# Project 1

This repository contains two files [`eog_wells_in_nd.csv`](datasets/eog_wells_in_nd.csv) and [`nd_production.csv`](datasets/nd_production.csv) in the `datasets` directory. The file [`eog_wells_in_nd.csv`](datasets/eog_wells_in_nd.csv) contains the latitude and longitude for all permitted wells owned by EOG in North Dakota.  The file [`nd_production.csv`](datasets/nd_production.csv) contains the monthly production history for *all* wells in North Dakota identified by their API numbers.  I encourage you to inspect the formatting of these two files.  For this project, you will have two tasks:

## Task 1

You should read the file [`eog_wells_in_nd.csv`](datasets/eog_wells_in_nd.csv) into the class attribute `well_df` (**Do not change the name**).  However, you should not hard-code the "eog" part of the file name, instead use the class instantiation argument `ticker` to create the file name. This is so we can use this class to read in many files of this type.  So if `ticker =  'xom'` then the class will read in a file `datasets/xom_wells_in_nd.csv`, if `ticker =  'nbl'` then the class will read in a file `datasets/nbl_wells_in_nd.csv`, etc.

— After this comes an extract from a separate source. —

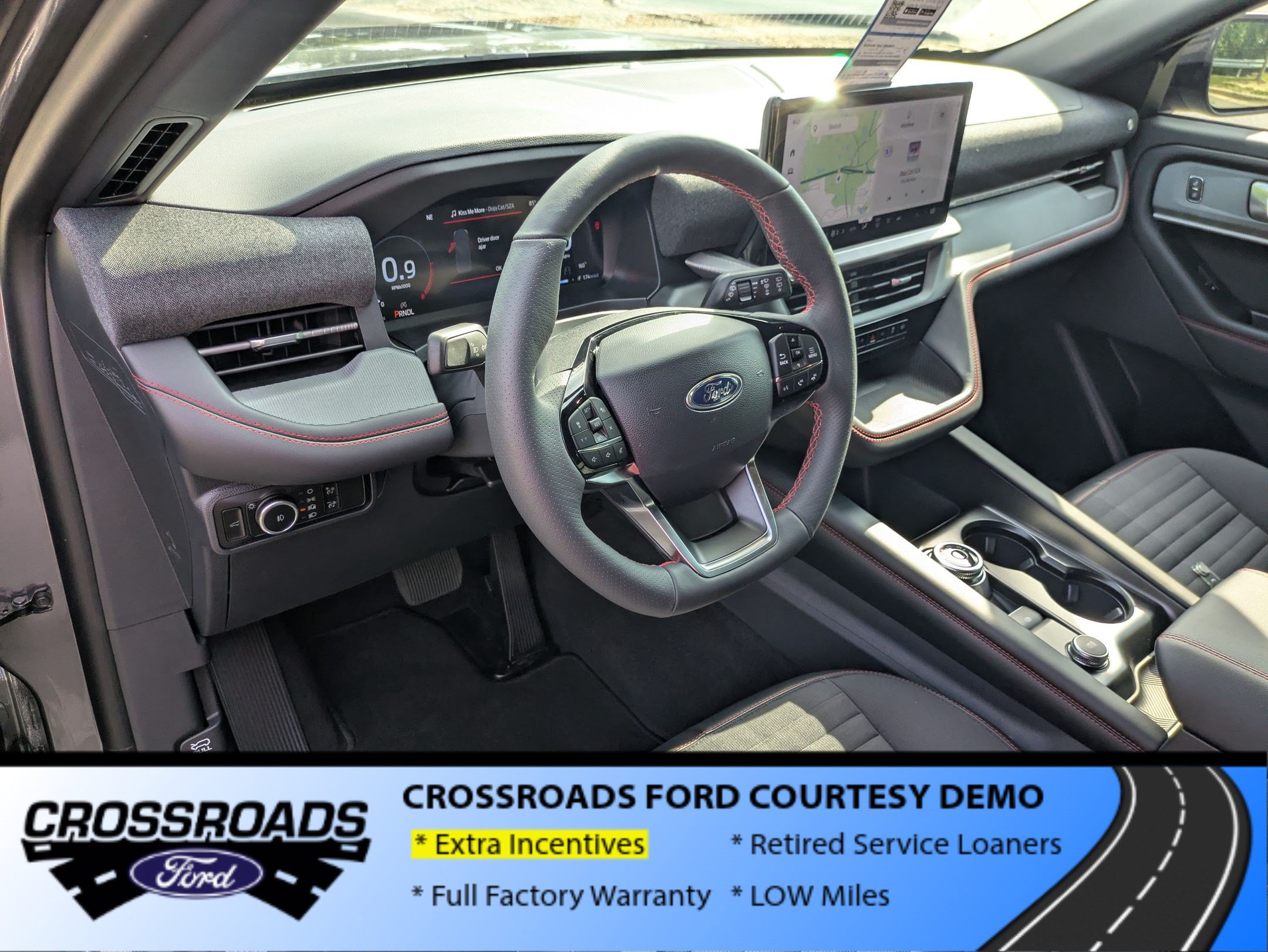 New 2026 Ford Explorer ST-Line w/ ST-Line Street Pack AWD/4WD image 15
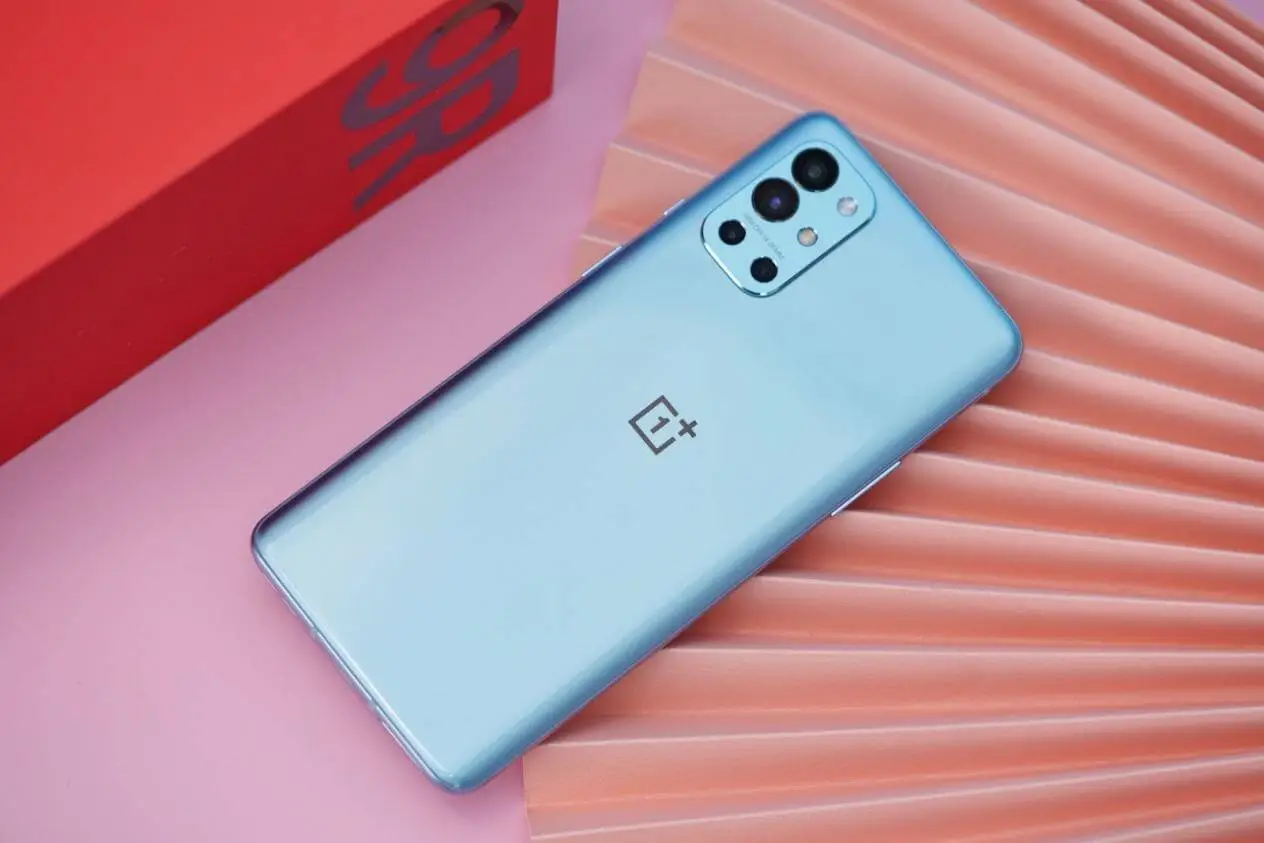 OnePlus 9R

Next, we want to add two new columns to the `well_df`.  These columns should be labeled **exactly** `'cumulative_oil'` and `'cumulative_gas'` and they should contain the total production (summed of over all months) for the corresponding API number in [`nd_production.csv`](datasets/nd_production.csv).  There are wells in [`eog_wells_in_nd.csv`](datasets/eog_wells_in_nd.csv) that do not have any production history, either because they have been permitted and not drilled, they were dry holes, the data is missing, etc.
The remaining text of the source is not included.